DATASET ENTRIES section start

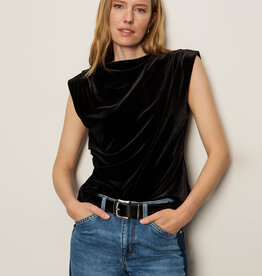 Sanctuary Pleated Sleeveless Top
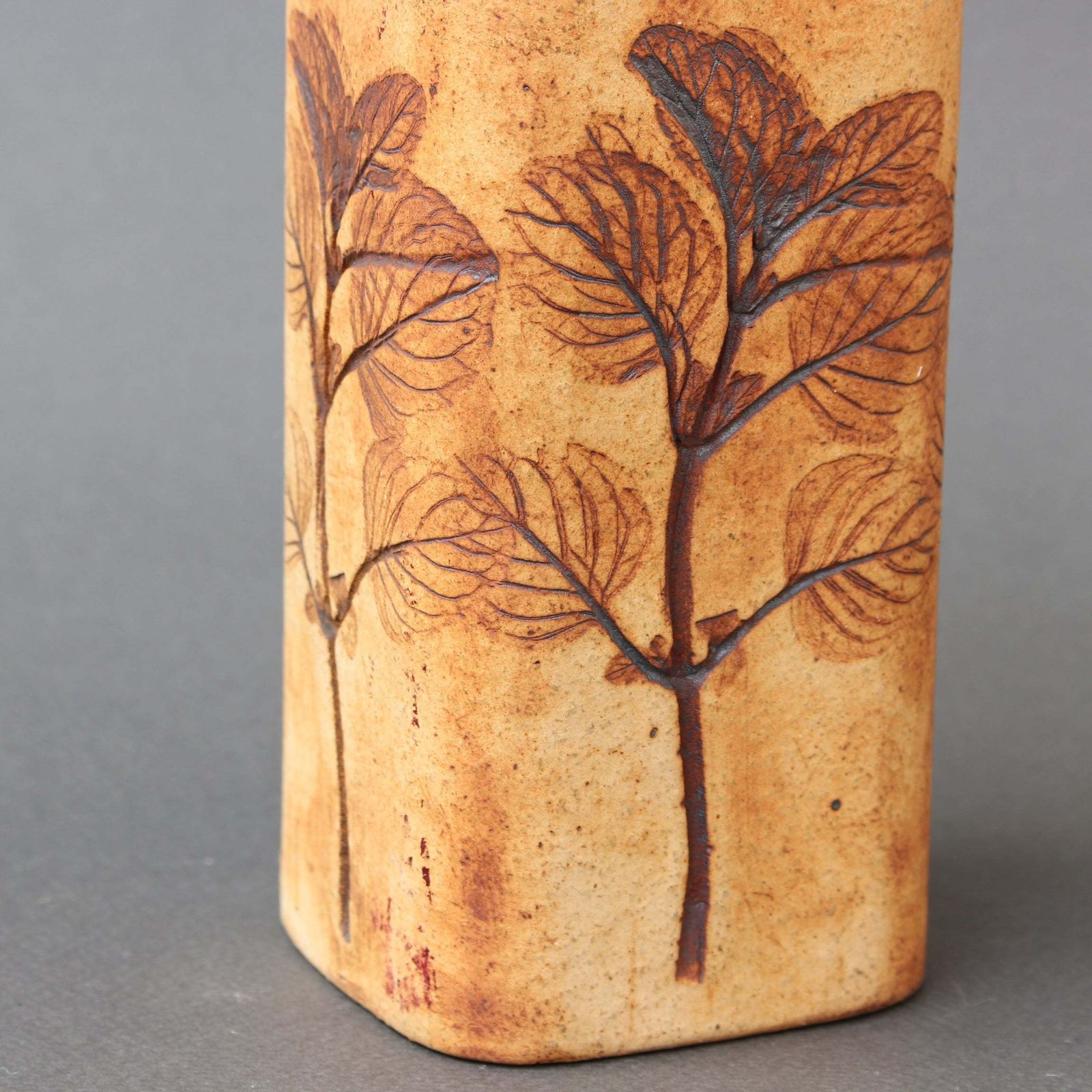 Vintage French Ceramic Vase By Raymonde Leduc (Circa 1970s)   Small photo vinterior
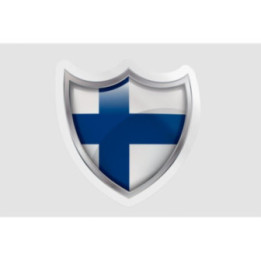 Finland Flag Shape - DecalsHouse
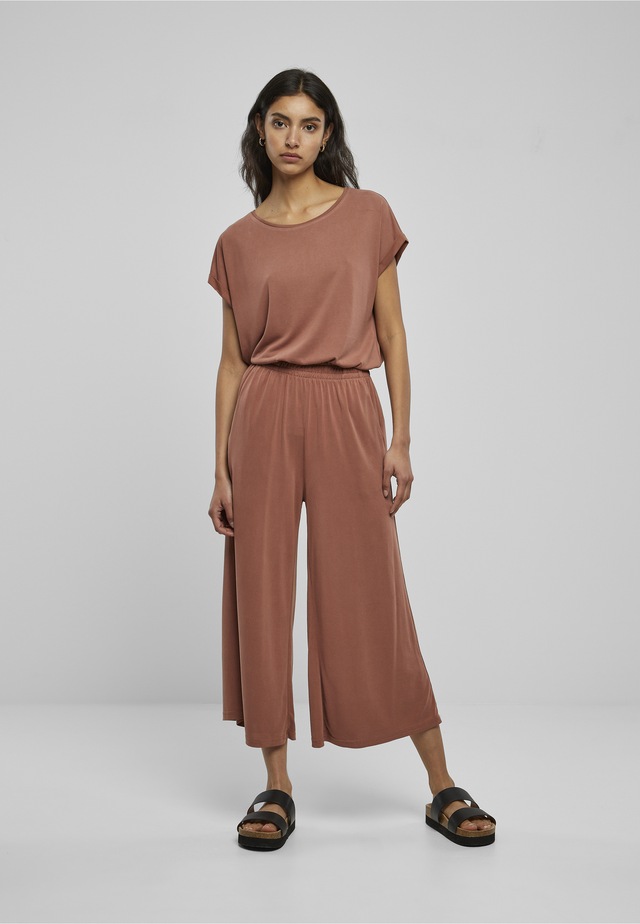 URBAN CLASSICS Kurzarmshirt »Urban Classics Damen Ladies Modal Extended Shoulder Tee« 1 Stk.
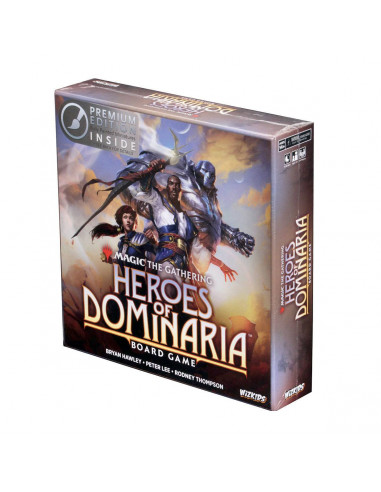 es::Magic the Gathering Juego de Mesa Heroes of Dominaria Premium Edition En inglés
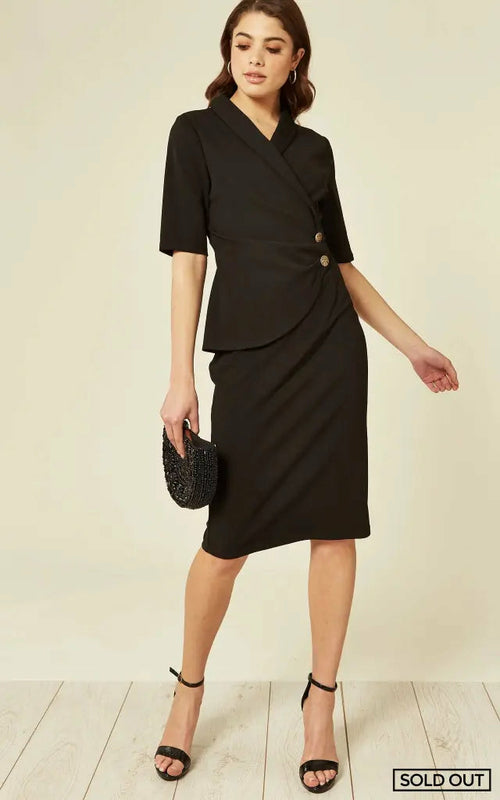 Diane Wrap Blazer Dress - Horizon Bliss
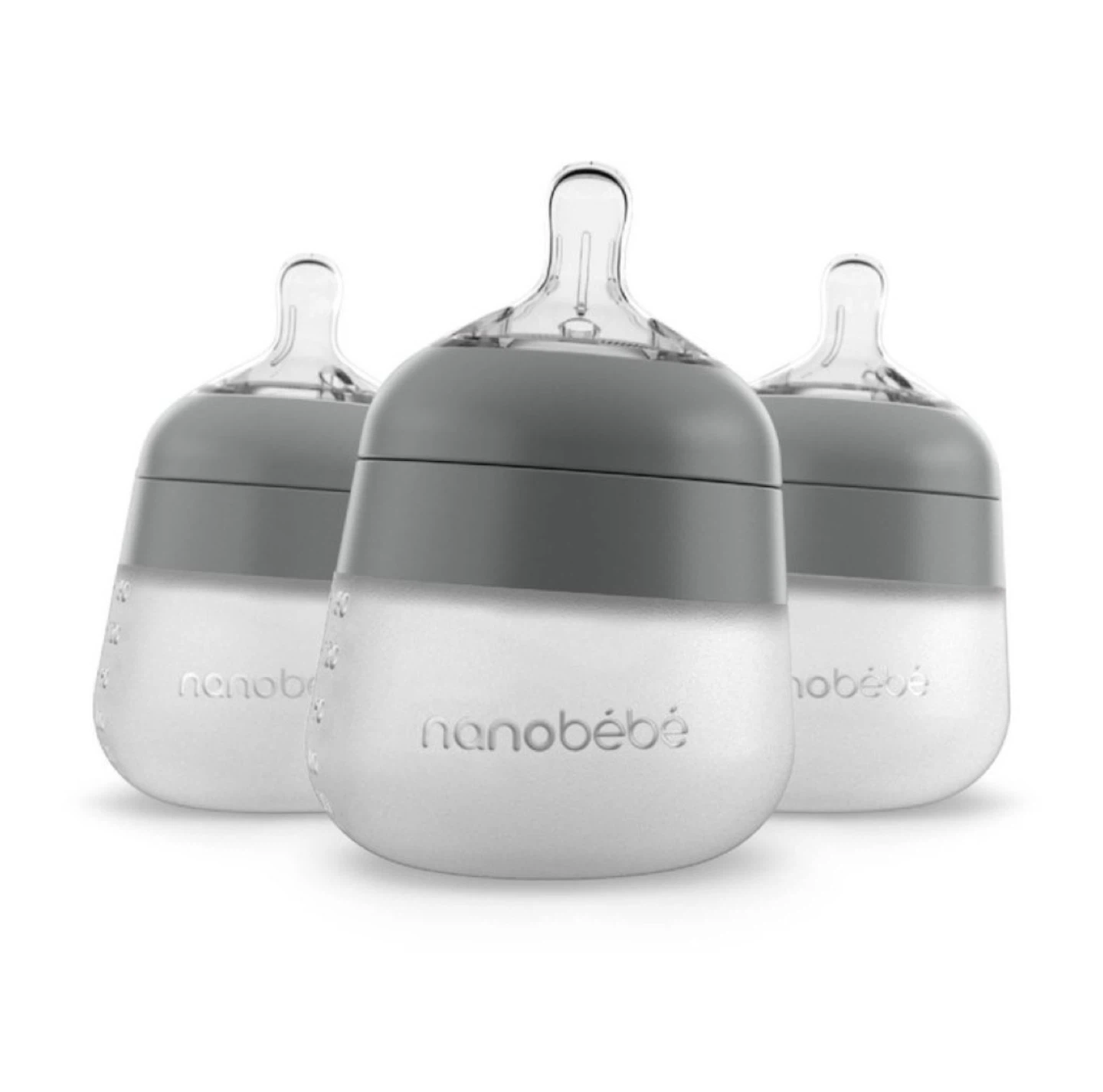 Nanobébé Baby Bottles - Grey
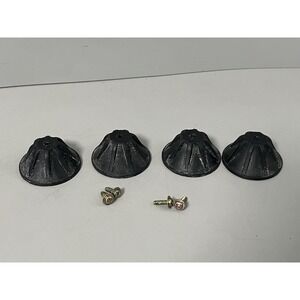 Onkyo CP-1026A Turntable Replacement Rubber Feet W/screws- OEM Parts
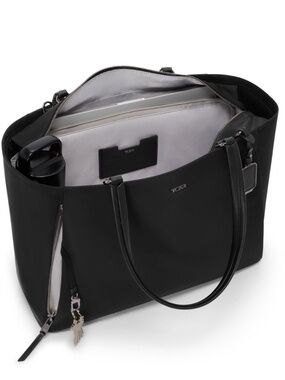 Tumi Voyageur Valetta Large Tote Black/Gunmetal
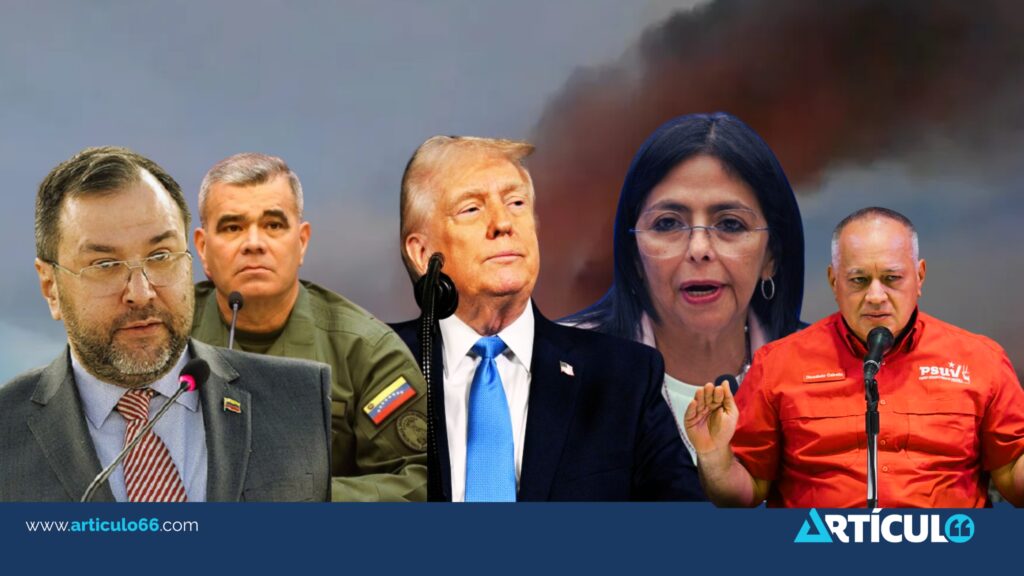 Cúpula chavista desafía a Donald Trump: Delcy Rodríguez reaparece con la plana mayor y afirma que Maduro sigue en el poder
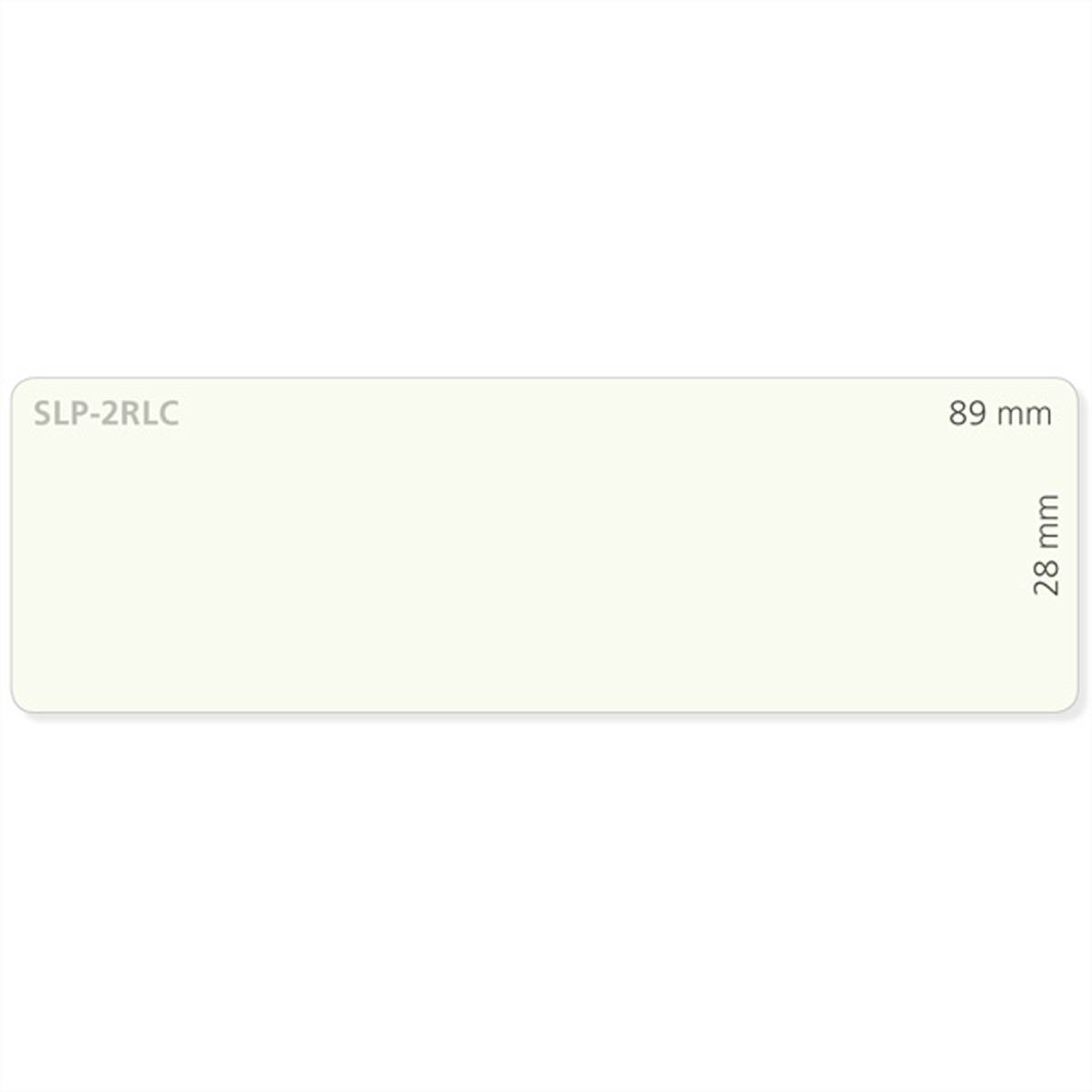 Leeres rechteckiges Etikett mit der Bezeichnung „SLP-2RLC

DATASET ENTRIES section end

**INSTRUCTIONS TO FOLLOW:** Nothing but the lines from the one with "Vintage French Ceramic" up to and including the one with "es::Magic the Gathering" should be printed, exactly as they read above. Please keep the pictures out.

**EXERCISE OUTPUT:**
 Vintage French Ceramic Vase By Raymonde Leduc (Circa 1970s)   Small photo vinterior
 Finland Flag Shape - DecalsHouse
 URBAN CLASSICS Kurzarmshirt »Urban Classics Damen Ladies Modal Extended Shoulder Tee« 1 Stk.
 es::Magic the Gathering Juego de Mesa Heroes of Dominaria Premium Edition En inglés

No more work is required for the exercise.